The same principle applies beyond the plantation. In colonial India, the persistence of peasants, tenants, moneylenders, landlords, sharecroppers, and older village forms did not mean that colonialism left the countryside untouched. British rule did not simply sit above an unchanged “traditional” society. It altered land rights, revenue demands, commercial crops, debt relations, legal categories, market dependence, and the power of intermediaries. Existing labor processes could remain visible while their social meaning changed. A cultivator might still hold a plow, but now the crop, the tax, the debt, the price, and the law tied that labor to imperial accumulation.

This is the importance of formal subsumption. Capital does not have to transform every tool, every technique, and every village overnight in order to dominate production. It can first seize command over the conditions around production. It can impose taxes payable in money. It can compel cash-crop cultivation. It can turn land into alienable property. It can make peasants dependent on merchants, creditors, landlords, export markets, and state revenue demands. It can leave the hand hoe in the field while changing the world in which the hand hoe is used.

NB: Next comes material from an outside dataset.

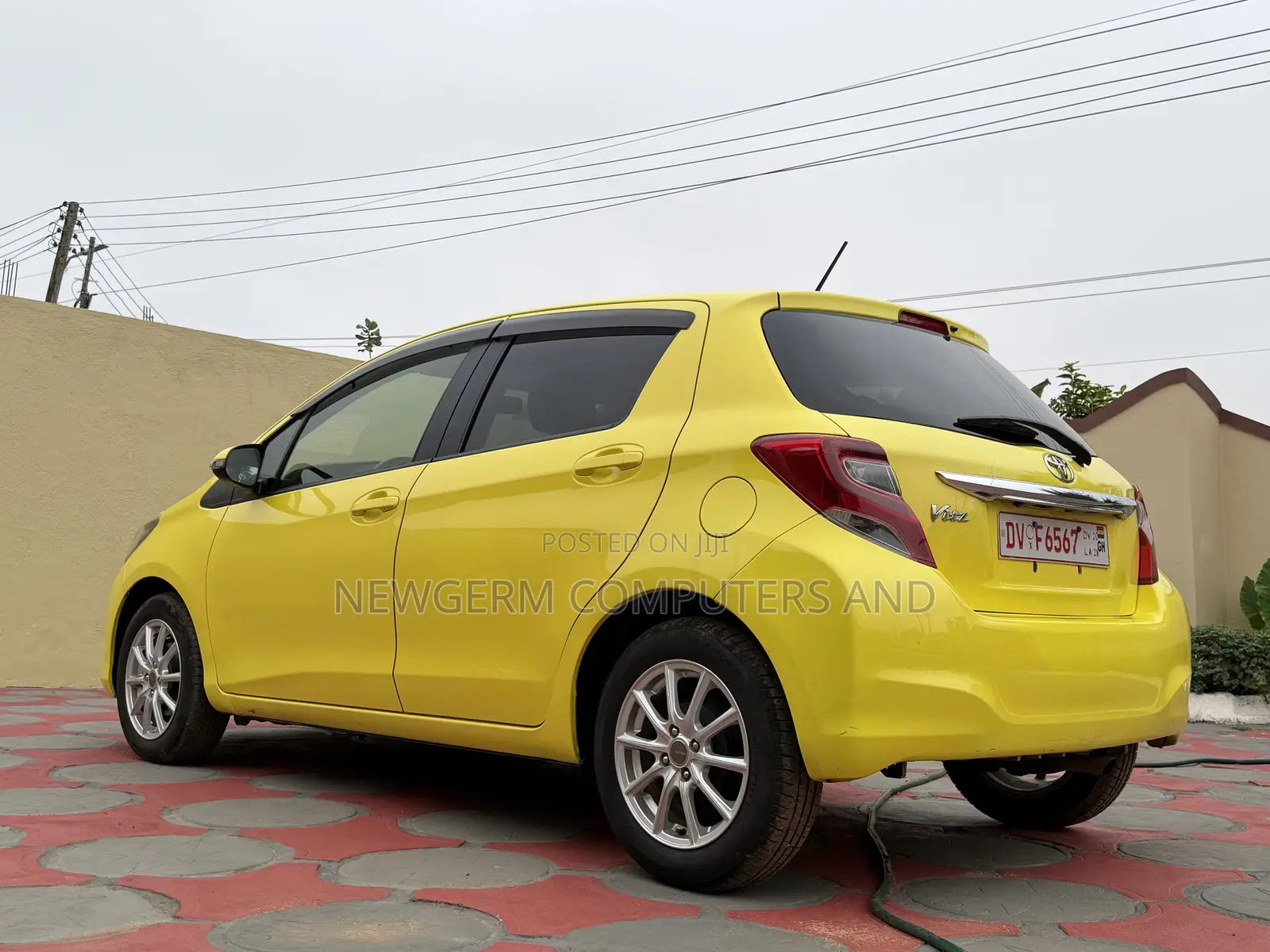 Toyota Vitz 1.5 FWD 5dr 2015 Yellow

This is why colonial capitalism is so often misrecognized. The European textbook expects capitalism to arrive wearing a factory coat. But in the colony, capitalism often arrived as a land settlement, a tax bill, a forced crop, a debt contract, a pass law, a concession agreement, a railway tariff, a moneylender’s ledger, a colonial court order, a police baton, or a merchant advance. The machine was not always in the field. Sometimes the machine was the whole system around the field.

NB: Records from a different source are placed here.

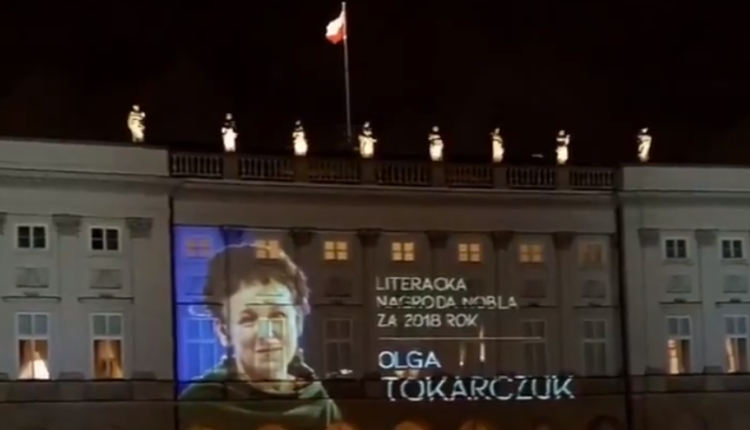Olga Tokarczuk na Pałacu Prezydenckim/ fot. screen
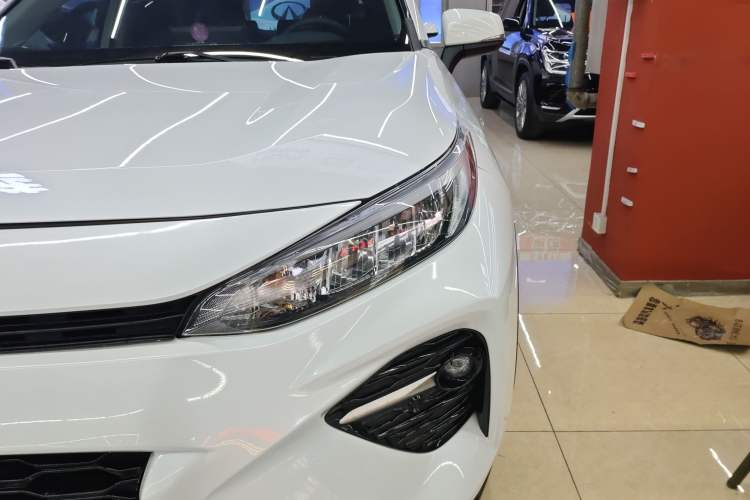 Used Toyota Wildlander 2022 Dual-Engine 2.5L E-CVT Four-Wheel Drive Luxury Edition Left Front Headlight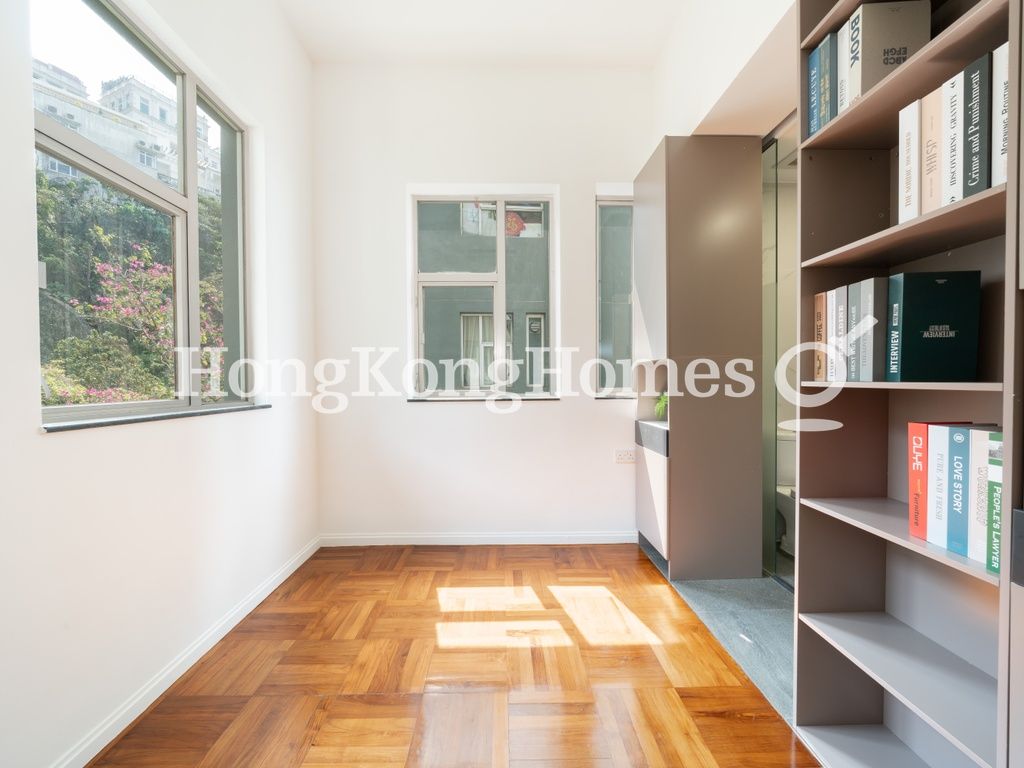 Fourth Ensuite Bedroom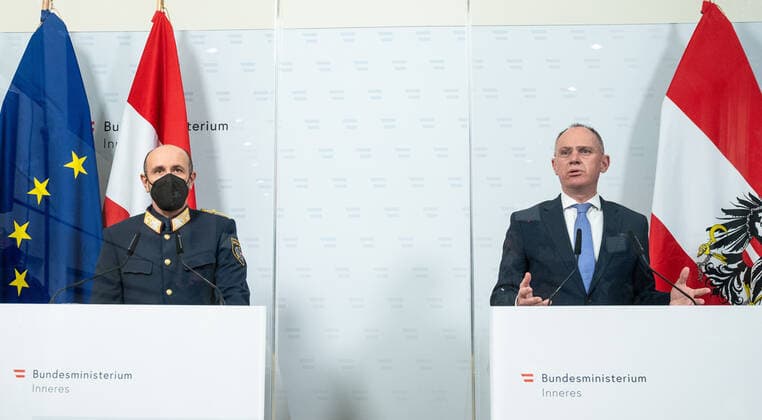 News Bilder des Tages 20220110 Press conference of the Minister of the Interior on controls of COVID measures VIENNA, AUSTRIA - JANUARY 10: Director-General for Public Safety Franz Franz Ruf and Interior Minister Gerhard Karner (OEVP) at a press conference on the controls of COVID measures and their intensification at Ministry of the Interior on January 10, 2022 in Vienna, Austria. WIEN, OESTERREICH - 10. JAENNER: Generaldirektor fuer die oeffentliche Sicherheit Franz Ruf und Innenminister Gerhard Karner (OEVP) bei einer Pressekonferenz zu den Kontrollen der COVID-Maßnahmen und deren Intensivierung im Innenministerium am 10. Jaenner 2022 in Wien, Oesterreich. 220110_SEPA_32_001 Copyright: xMartinxJuenx SEPAxMedia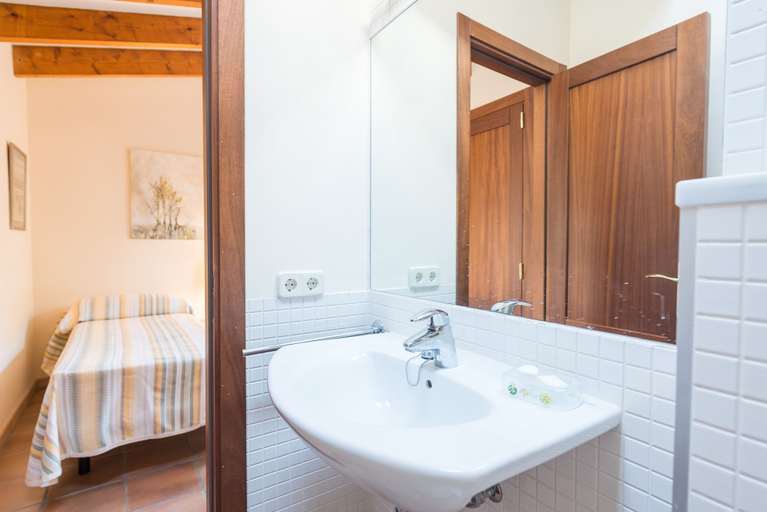 Room 2, Rafal Pai in Art With 6 Bedrooms and 6 Bathrooms, Baleares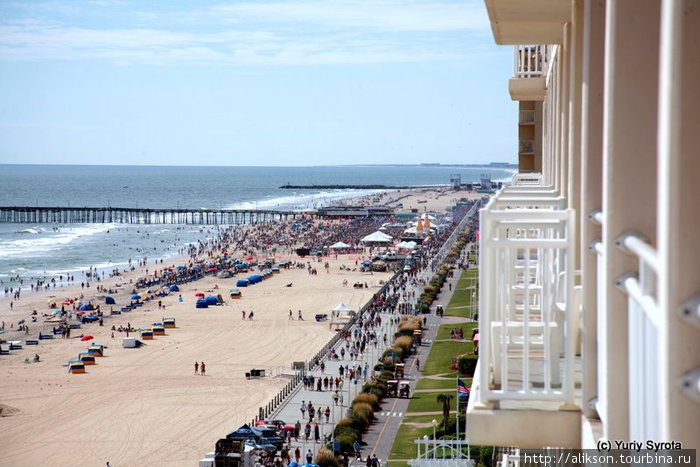 Вид с нашего балкона на финишную линию. Виден пляж, набережная и толпа участников-болельщиков. Вирджиния-Бич, CША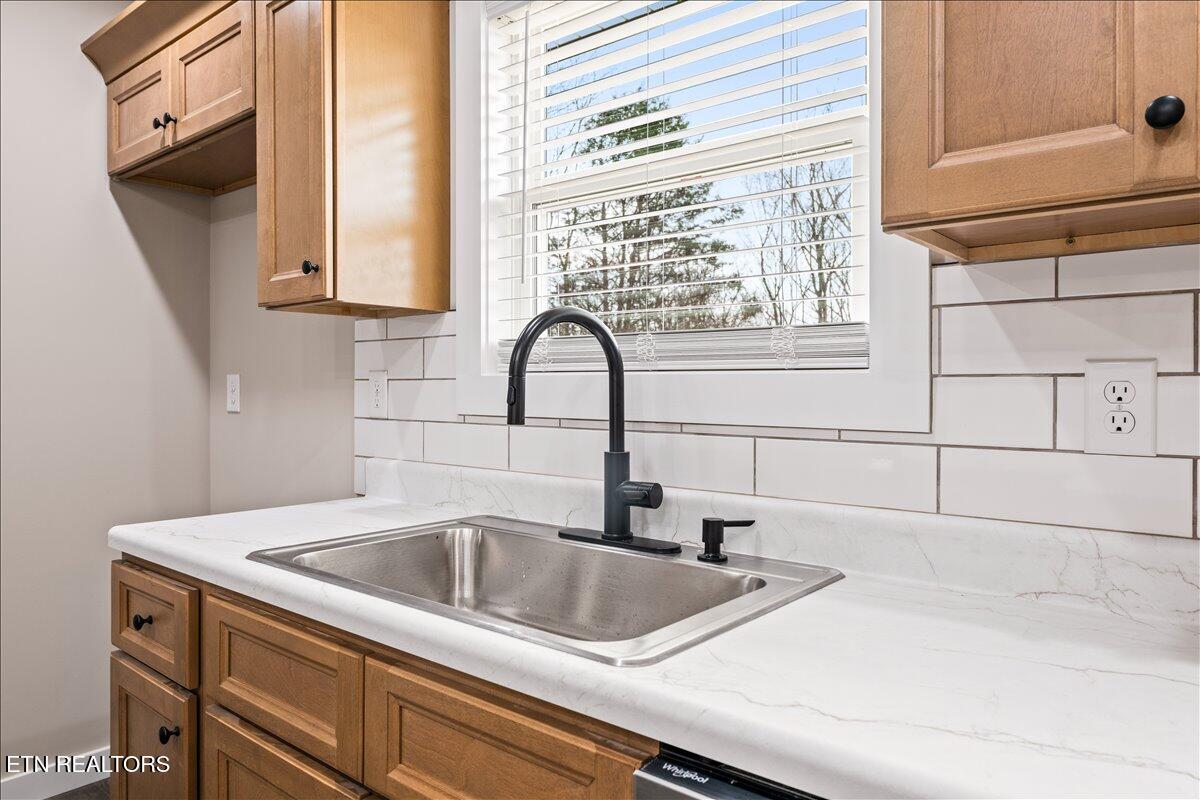 114 Brook Lane, LaFollette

Land was central. In many colonized societies, land was not simply an individual commodity to be bought and sold in the capitalist sense. It was embedded in kinship, community, lineage, use rights, political authority, customary obligations, and spiritual relationships. Colonialism attacked this. It mapped land, surveyed land, titled land, taxed land, privatized land, alienated land, enclosed land, and converted land into security for debt. Once land became a commodity, the people’s relationship to their means of life was transformed. The soil itself was made to answer to capital.

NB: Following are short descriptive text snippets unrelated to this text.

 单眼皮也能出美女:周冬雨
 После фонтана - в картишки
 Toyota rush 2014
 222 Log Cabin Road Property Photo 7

Taxation deepened the transformation. A community that had previously reproduced itself through subsistence farming, local exchange, pastoral movement, or communal obligations could now be forced into money relations. The colonial state demanded cash. Cash required sale. Sale required crops, labor migration, wage work, borrowing, or surrender. The tax did not merely raise revenue. It created a population available to capital. It pushed people toward mines, plantations, settler farms, ports, construction gangs, and cash-crop markets. It made hunger a labor recruiter.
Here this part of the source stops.